About this task ▸ All of the data is to be set down again without alteration.

■ ■ ■

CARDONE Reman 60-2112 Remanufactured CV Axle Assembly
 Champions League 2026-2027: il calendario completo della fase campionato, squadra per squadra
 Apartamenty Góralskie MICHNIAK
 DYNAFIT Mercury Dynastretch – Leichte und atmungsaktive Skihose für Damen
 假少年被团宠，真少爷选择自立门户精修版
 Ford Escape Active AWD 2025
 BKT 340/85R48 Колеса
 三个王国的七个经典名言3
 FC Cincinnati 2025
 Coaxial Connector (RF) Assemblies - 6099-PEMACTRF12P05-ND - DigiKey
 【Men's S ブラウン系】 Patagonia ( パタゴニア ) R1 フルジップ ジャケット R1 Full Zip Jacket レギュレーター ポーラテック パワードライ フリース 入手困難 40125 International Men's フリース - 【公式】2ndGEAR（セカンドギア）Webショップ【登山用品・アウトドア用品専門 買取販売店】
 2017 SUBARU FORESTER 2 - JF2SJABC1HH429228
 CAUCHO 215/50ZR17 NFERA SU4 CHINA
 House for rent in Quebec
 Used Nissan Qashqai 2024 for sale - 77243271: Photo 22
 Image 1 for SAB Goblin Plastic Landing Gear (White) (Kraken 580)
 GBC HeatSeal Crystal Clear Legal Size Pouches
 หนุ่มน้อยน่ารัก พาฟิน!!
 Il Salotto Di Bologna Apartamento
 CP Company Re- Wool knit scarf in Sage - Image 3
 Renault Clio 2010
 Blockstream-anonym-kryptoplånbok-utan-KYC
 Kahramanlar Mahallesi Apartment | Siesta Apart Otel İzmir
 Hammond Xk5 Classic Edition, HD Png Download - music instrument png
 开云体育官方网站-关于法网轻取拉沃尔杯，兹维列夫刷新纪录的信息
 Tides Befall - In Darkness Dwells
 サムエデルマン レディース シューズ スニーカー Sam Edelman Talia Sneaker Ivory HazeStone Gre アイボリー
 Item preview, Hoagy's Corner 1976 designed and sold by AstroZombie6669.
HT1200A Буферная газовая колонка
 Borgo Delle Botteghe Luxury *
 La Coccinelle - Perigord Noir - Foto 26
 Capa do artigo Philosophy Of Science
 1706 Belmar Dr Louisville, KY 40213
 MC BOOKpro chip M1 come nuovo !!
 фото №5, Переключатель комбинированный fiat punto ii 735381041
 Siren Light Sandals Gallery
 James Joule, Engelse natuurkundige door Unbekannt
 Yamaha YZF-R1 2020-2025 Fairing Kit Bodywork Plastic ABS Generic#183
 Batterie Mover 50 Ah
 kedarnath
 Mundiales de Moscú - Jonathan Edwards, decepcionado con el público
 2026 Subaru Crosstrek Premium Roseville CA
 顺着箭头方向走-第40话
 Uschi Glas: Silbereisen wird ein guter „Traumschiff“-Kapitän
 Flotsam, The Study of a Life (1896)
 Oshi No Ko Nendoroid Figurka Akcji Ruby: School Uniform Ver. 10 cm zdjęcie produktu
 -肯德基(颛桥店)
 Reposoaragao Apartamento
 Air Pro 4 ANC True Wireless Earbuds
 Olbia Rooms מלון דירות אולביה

■ ■ ■

Exercise solution ▸
CARDONE Reman 60-2112 Remanufactured CV Axle Assembly
 Champions League 2026-2027: il calendario completo della fase campionato, squadra per squadra
 Apartamenty Góralskie MICHNIAK
 DYNAFIT Mercury Dynastretch – Leichte und atmungsaktive Skihose für Damen
 假少年被团宠，真少爷选择自立门户精修版
 Ford Escape Active AWD 2025
 BKT 340/85R48 Колеса
 三个王国的七个经典名言3
 FC Cincinnati 2025
 Coaxial Connector (RF) Assemblies - 6099-PEMACTRF12P05-ND - DigiKey
 【Men's S ブラウン系】 Patagonia ( パタゴニア ) R1 フルジップ ジャケット R1 Full Zip Jacket レギュレーター ポーラテック パワードライ フリース 入手困難 40125 International Men's フリース - 【公式】2ndGEAR（セカンドギア）Webショップ【登山用品・アウトドア用品専門 買取販売店】
 2017 SUBARU FORESTER 2 - JF2SJABC1HH429228
 CAUCHO 215/50ZR17 NFERA SU4 CHINA
 House for rent in Quebec
 Used Nissan Qashqai 2024 for sale - 77243271: Photo 22
 Image 1 for SAB Goblin Plastic Landing Gear (White) (Kraken 580)
 GBC HeatSeal Crystal Clear Legal Size Pouches
 หนุ่มน้อยน่ารัก พาฟิน!!
 Il Salotto Di Bologna Apartamento
 CP Company Re- Wool knit scarf in Sage - Image 3
 Renault Clio 2010
 Blockstream-anonym-kryptoplånbok-utan-KYC
 Kahramanlar Mahallesi Apartment | Siesta Apart Otel İzmir
 Hammond Xk5 Classic Edition, HD Png Download - music instrument png
 开云体育官方网站-关于法网轻取拉沃尔杯，兹维列夫刷新纪录的信息
 Tides Befall - In Darkness Dwells
 サムエデルマン レディース シューズ スニーカー Sam Edelman Talia Sneaker Ivory HazeStone Gre アイボリー
 Item preview, Hoagy's Corner 1976 designed and sold by AstroZombie6669.
HT1200A Буферная газовая колонка
 Borgo Delle Botteghe Luxury *
 La Coccinelle - Perigord Noir - Foto 26
 Capa do artigo Philosophy Of Science
 1706 Belmar Dr Louisville, KY 40213
 MC BOOKpro chip M1 come nuovo !!
 фото №5, Переключатель комбинированный fiat punto ii 735381041
 Siren Light Sandals Gallery
 James Joule, Engelse natuurkundige door Unbekannt
 Yamaha YZF-R1 2020-2025 Fairing Kit Bodywork Plastic ABS Generic#183
 Batterie Mover 50 Ah
 kedarnath
 Mundiales de Moscú - Jonathan Edwards, decepcionado con el público
 2026 Subaru Crosstrek Premium Roseville CA
 顺着箭头方向走-第40话
 Uschi Glas: Silbereisen wird ein guter „Traumschiff“-Kapitän
 Flotsam, The Study of a Life (1896)
 Oshi No Ko Nendoroid Figurka Akcji Ruby: School Uniform Ver. 10 cm zdjęcie produktu
 -肯德基(颛桥店)
 Reposoaragao Apartamento
 Air Pro 4 ANC True Wireless Earbuds
 Olbia Rooms מלון דירות אולביה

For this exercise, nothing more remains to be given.